YOUR TASK => Take the data below and copy exactly the lines starting at the one with "はたこ三味線　撥バチ　 (象牙風天然素材)和楽器　弦楽器" and finishing at the one with "Better Homes &", both included.

DATA SHOWN =>

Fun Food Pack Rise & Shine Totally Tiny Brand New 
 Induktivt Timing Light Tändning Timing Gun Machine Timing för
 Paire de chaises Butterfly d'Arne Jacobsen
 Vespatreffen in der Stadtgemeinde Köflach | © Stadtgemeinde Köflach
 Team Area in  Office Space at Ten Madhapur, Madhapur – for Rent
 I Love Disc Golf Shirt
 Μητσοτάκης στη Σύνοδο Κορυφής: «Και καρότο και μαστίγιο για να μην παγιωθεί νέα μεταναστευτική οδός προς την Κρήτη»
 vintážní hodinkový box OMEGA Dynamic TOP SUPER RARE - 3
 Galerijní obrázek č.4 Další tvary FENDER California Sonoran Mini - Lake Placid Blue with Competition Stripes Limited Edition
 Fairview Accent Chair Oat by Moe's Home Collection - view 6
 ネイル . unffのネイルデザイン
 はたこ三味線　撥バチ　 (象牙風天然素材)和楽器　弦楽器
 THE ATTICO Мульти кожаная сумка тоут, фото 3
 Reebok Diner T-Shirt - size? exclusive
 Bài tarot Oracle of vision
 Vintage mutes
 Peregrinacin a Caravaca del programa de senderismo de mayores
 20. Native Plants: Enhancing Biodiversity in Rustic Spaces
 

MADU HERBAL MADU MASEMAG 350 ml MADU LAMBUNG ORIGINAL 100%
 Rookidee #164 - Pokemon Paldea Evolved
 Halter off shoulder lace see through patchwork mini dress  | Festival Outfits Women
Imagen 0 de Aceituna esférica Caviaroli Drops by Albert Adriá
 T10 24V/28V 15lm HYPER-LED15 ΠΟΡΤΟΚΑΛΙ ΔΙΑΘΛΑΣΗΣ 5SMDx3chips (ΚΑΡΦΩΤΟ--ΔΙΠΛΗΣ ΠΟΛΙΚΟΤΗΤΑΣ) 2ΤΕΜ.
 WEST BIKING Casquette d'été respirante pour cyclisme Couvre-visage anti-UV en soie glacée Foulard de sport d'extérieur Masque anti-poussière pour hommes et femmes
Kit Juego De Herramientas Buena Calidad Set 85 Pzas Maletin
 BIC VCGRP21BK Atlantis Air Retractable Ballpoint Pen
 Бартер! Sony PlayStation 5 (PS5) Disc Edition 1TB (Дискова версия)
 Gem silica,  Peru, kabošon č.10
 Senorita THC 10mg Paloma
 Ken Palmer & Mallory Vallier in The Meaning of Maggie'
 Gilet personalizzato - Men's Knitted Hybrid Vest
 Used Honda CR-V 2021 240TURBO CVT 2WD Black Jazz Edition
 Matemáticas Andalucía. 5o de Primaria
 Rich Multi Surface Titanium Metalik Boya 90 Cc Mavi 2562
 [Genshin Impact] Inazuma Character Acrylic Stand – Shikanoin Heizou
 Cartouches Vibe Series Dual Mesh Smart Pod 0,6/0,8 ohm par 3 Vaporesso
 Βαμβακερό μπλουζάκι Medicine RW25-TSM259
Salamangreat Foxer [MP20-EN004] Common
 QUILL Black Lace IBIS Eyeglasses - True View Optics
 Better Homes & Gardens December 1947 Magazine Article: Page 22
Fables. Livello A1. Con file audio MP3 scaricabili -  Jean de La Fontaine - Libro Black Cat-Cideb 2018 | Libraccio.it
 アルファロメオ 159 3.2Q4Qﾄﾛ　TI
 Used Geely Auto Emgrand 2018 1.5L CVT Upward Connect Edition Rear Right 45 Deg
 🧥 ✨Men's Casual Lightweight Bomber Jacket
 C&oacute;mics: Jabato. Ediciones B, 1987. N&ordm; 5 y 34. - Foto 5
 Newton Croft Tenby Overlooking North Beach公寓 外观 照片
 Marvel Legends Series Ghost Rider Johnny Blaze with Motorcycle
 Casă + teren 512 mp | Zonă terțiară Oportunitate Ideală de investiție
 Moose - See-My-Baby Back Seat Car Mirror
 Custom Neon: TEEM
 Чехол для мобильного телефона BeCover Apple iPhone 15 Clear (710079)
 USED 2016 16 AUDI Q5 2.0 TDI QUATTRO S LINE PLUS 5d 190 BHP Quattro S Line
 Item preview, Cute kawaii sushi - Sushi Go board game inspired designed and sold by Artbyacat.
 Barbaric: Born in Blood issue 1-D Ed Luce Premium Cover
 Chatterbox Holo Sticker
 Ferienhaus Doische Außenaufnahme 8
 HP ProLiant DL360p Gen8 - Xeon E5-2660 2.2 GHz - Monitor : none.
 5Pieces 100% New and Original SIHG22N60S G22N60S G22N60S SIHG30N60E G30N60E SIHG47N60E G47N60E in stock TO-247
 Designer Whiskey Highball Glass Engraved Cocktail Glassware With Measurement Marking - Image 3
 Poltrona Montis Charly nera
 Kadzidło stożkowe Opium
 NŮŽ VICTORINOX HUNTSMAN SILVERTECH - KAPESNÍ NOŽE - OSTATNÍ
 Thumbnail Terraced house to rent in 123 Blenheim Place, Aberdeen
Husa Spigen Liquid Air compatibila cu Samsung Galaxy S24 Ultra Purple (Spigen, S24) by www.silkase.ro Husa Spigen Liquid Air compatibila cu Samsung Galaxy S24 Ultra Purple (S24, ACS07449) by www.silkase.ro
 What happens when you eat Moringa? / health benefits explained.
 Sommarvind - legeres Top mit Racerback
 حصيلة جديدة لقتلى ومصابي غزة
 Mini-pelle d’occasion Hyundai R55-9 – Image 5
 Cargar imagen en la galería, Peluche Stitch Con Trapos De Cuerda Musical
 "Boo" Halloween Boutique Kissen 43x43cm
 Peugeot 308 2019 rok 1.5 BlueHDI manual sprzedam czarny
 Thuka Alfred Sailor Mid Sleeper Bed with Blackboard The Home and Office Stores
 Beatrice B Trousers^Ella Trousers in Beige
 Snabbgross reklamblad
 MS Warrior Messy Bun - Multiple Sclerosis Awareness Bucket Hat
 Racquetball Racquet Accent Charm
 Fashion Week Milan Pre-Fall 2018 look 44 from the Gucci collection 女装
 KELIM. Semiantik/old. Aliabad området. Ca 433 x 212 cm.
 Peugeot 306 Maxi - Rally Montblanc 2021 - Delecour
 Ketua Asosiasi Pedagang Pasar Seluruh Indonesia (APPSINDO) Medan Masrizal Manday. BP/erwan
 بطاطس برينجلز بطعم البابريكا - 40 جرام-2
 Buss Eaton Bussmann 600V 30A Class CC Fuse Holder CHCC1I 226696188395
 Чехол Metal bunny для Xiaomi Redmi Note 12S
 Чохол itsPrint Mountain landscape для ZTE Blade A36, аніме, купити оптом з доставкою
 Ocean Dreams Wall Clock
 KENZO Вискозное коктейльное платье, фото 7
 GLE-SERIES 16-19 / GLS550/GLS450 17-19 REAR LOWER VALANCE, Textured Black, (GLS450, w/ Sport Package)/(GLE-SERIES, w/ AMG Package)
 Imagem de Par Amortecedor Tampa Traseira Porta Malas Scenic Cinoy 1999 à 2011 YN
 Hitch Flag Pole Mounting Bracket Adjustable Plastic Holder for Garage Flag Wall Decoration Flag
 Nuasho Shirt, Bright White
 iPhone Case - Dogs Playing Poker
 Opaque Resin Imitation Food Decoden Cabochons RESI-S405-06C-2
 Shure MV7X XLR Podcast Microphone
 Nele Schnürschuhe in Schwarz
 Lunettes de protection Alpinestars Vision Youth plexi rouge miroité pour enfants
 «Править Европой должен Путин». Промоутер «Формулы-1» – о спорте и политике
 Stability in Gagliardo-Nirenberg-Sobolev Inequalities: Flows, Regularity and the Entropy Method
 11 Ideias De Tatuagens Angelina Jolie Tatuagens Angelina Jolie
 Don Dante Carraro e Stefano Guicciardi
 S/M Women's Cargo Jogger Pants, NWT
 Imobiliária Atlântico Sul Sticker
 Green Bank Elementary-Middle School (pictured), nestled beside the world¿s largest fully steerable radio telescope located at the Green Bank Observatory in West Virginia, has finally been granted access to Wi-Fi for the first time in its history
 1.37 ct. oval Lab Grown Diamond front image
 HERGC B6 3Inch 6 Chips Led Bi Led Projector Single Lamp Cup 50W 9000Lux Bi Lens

ANSWER TO THIS PROBLEM =>
 はたこ三味線　撥バチ　 (象牙風天然素材)和楽器　弦楽器
 THE ATTICO Мульти кожаная сумка тоут, фото 3
 Reebok Diner T-Shirt - size? exclusive
 Bài tarot Oracle of vision
 Vintage mutes
 Peregrinacin a Caravaca del programa de senderismo de mayores
 20. Native Plants: Enhancing Biodiversity in Rustic Spaces
 

MADU HERBAL MADU MASEMAG 350 ml MADU LAMBUNG ORIGINAL 100%
 Rookidee #164 - Pokemon Paldea Evolved
 Halter off shoulder lace see through patchwork mini dress  | Festival Outfits Women
Imagen 0 de Aceituna esférica Caviaroli Drops by Albert Adriá
 T10 24V/28V 15lm HYPER-LED15 ΠΟΡΤΟΚΑΛΙ ΔΙΑΘΛΑΣΗΣ 5SMDx3chips (ΚΑΡΦΩΤΟ--ΔΙΠΛΗΣ ΠΟΛΙΚΟΤΗΤΑΣ) 2ΤΕΜ.
 WEST BIKING Casquette d'été respirante pour cyclisme Couvre-visage anti-UV en soie glacée Foulard de sport d'extérieur Masque anti-poussière pour hommes et femmes
Kit Juego De Herramientas Buena Calidad Set 85 Pzas Maletin
 BIC VCGRP21BK Atlantis Air Retractable Ballpoint Pen
 Бартер! Sony PlayStation 5 (PS5) Disc Edition 1TB (Дискова версия)
 Gem silica,  Peru, kabošon č.10
 Senorita THC 10mg Paloma
 Ken Palmer & Mallory Vallier in The Meaning of Maggie'
 Gilet personalizzato - Men's Knitted Hybrid Vest
 Used Honda CR-V 2021 240TURBO CVT 2WD Black Jazz Edition
 Matemáticas Andalucía. 5o de Primaria
 Rich Multi Surface Titanium Metalik Boya 90 Cc Mavi 2562
 [Genshin Impact] Inazuma Character Acrylic Stand – Shikanoin Heizou
 Cartouches Vibe Series Dual Mesh Smart Pod 0,6/0,8 ohm par 3 Vaporesso
 Βαμβακερό μπλουζάκι Medicine RW25-TSM259
Salamangreat Foxer [MP20-EN004] Common
 QUILL Black Lace IBIS Eyeglasses - True View Optics
 Better Homes & Gardens December 1947 Magazine Article: Page 22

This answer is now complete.